ZFS: How do you restore the correct number of copies after losing a drive?

Question

With zfs, if you have copies=2 and then you lose a drive containing some of those copies, how do you tell the system that it should make a new copy of the data blocks for the affected files? Or does zfs just start adding data blocks for the extra copies as soon as it finds out about bad data blocks?

Will scrub do this?

(v0.6.0.56-rc8, ZFS pool version 28, ZFS filesystem version 5, Ubuntu 11.10)

score 12 · Accepted Answer · answered Apr 10 '12 at 11:32

12

"copies=2" (or 3) is more designed to be used with pools with no redundancy (single disk or stripes). The goal is to be able to recover minor disk corruption, not a whole device failure. In the latter case, the pool is unmountable so no ditto blocks restoration can occur.

If you have redundancy (mirroring/raidz/raidz2/raidz3), the ditto blocks are not different than other ones and scrubbing/resilvering will recreate them.

answered Apr 10 '12 at 11:32

jlliagre

8,861
18
36

This directly conflicts with what @Redmumba says - and Redmumba provides links to code. Can you cite some sources for what you're saying? In particular, I'd love to see good citations for why you think copies=N isn't going to cope with whole device failure - that doesn't match with anything I've read. – James Moore Apr 11 '12 at 03:58
3

@James Moore After a whole device failure, no ditto blocks will be written on that disk. There is no redundancy at the pool level so there is no way to replace the faulty disk by a new one. The only method to properly recover that situation would be to do a full backup of the pool, recreate it with healthy devices, and restore from backup while making sure no unintentional reboot occur before the first backup is done. Otherwise the pool might not be importable and its data lost. This is quite a burden compared to redundant pools where recovering a bad disk is done on-line and survives reboots. – jlliagre Apr 11 '12 at 22:07
"There is no redundancy at the pool level so there is no way to replace the faulty disk by a new one." This doesn't seem relevant. Why do I care about redundancy at the pool level? copies=3 gives me redundancy at the file level. It sure seems like replacing the failing disk + scrub gets back to a good state. – James Moore Apr 11 '12 at 22:54
1

@James Moore: I understand your point and you are correct stating that in there is enough data redundancy for a disk failure not to affect stored data.

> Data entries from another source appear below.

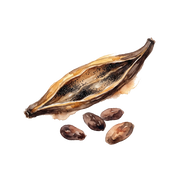 Gourmand fragrance note icon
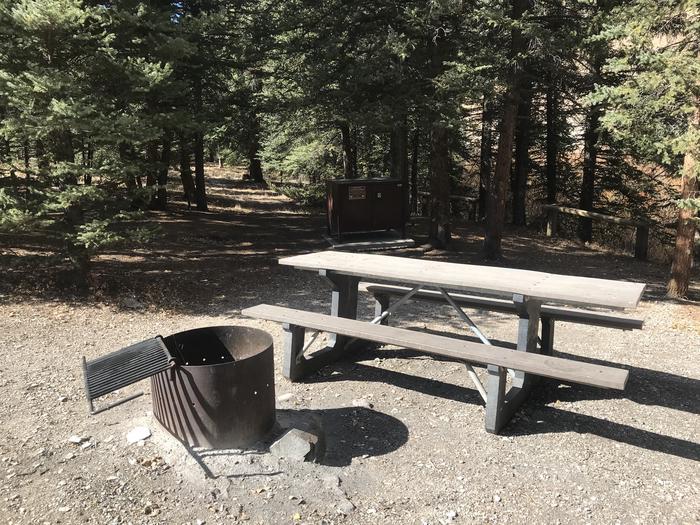 Campsite 20 with fire ring and picnic table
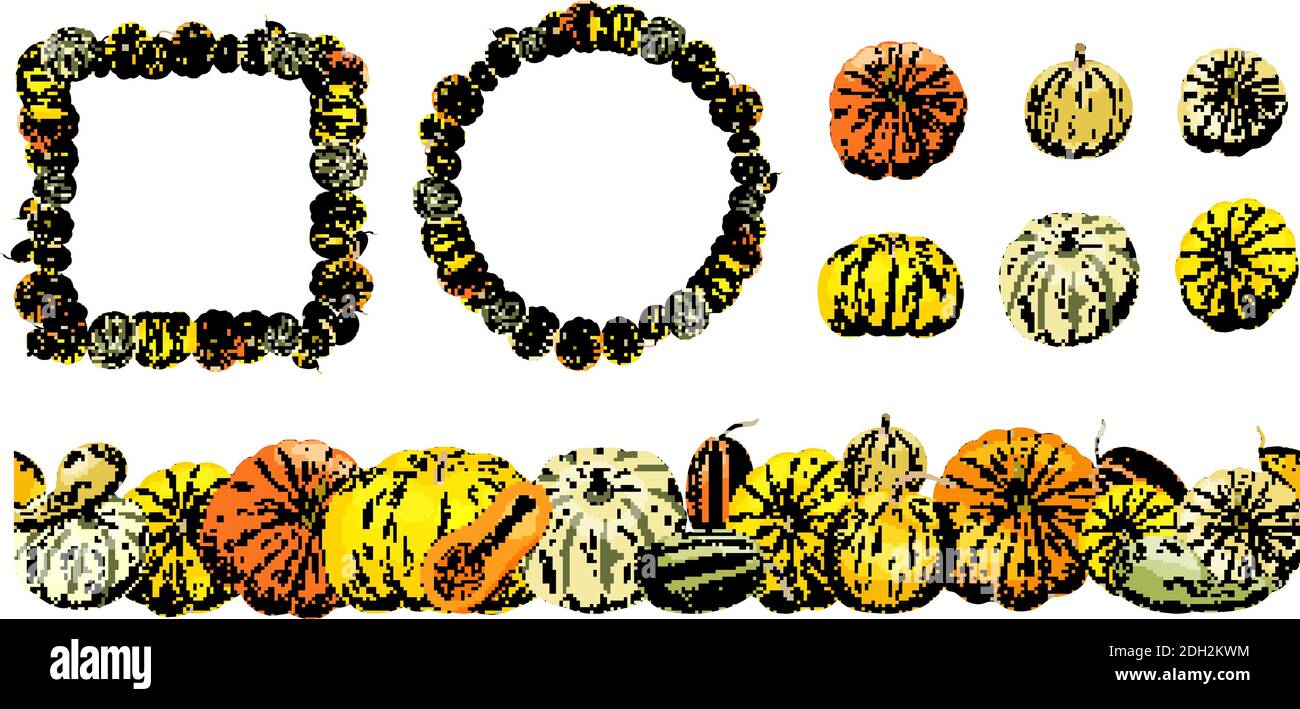 Autumn harvest pumpkins, vector set of isolated elements on white background. Vegetable wreath, square frame, seamless borders and elements for your d Stock Vector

However, my understanding is you still have to care about redundancy at the pool level because the pool itself doesn't care about redundancy at the dataset level. With a striped pool, you can only replace healthy devices, i.e. reported as ONLINE. A faulty device, i.e. in UNAVAIL state, is not replaceable. – jlliagre Apr 12 '12 at 00:50
"With a striped pool, you can only replace healthy devices" - reference, please? Nothing I see in the doc says that this is true. What exactly am I missing? And even if I am missing something that says I can't replace that drive - so what? I care about data. As long as there are multiple copies of the data, the right functionality is there. – James Moore Apr 12 '12 at 07:08
3

Here is a reference: http://docs.oracle.com/cd/E19082-01/817-2271/gbbvf/index.html#6mhupg6rl `For a device to be replaced, the pool must be in the ONLINE state. The device must be part of a redundant configuration, or it must be healthy (in the ONLINE state).` I assume copies=2 or 3 is not considered to be a redundant configuration. – jlliagre Apr 12 '12 at 12:17
OK, that's interesting. I assumed the opposite: obivously copies=N is a redundant configuration, but now I suspect that you're right and I'm wrong. Unfortunate that they don't also document that here: http://docs.oracle.com/cd/E19082-01/817-2271/gazgd/index.html – James Moore Apr 12 '12 at 14:57
copies=N is definitely not a redundant configuration as far as the pool is concerned. This is what the zpool command checks. Even at the dataset level, there is no guarantee for ditto blocks to exist at all. For example, copies=N might have been set after some blocks have been written. These blocks have no copies. – jlliagre Apr 12 '12 at 15:04
Sure, but that's OK - I'd expect that status would just say that some files are lost. (OK clearly meaning "we've got _something_ useful here", not "everything's fine"). Now I'm wondering why they even added the copies=N feature. – James Moore Apr 12 '12 at 15:16
1

One thing to keep in mind, though, is that if you originally had `copies=1` and you've upped it to `copies=2`, then you'll probably want to resilver/rescrub afterwards--which will create these instances. But @jilliagre is correct: ditto blocks do not constitute a redundant configuration. There is NO guarantee that the blocks are set on another device, even if you have multiple devices in a pool. – Andrew M. Apr 12 '12 at 16:44
3

the "copies=N where N>1" feature is not intended to add redundancy. it is intended to resolve data corruption. everything written to zfs is checksummed or hashed. when it's read back, the checksum/hash is verified. if N=1, then a checksum/hash verification failure results in an error back to the app. if N>1, then one of the other copies can be consulted and used to repair all other copies. – longneck Jul 24 '12 at 13:39

Andrew M. · Answer 2 · 2012-04-10T06:44:37.337

I found this question really intriguing, and after spending an hour pouring over documentation, I dived into the code. Here's what I found.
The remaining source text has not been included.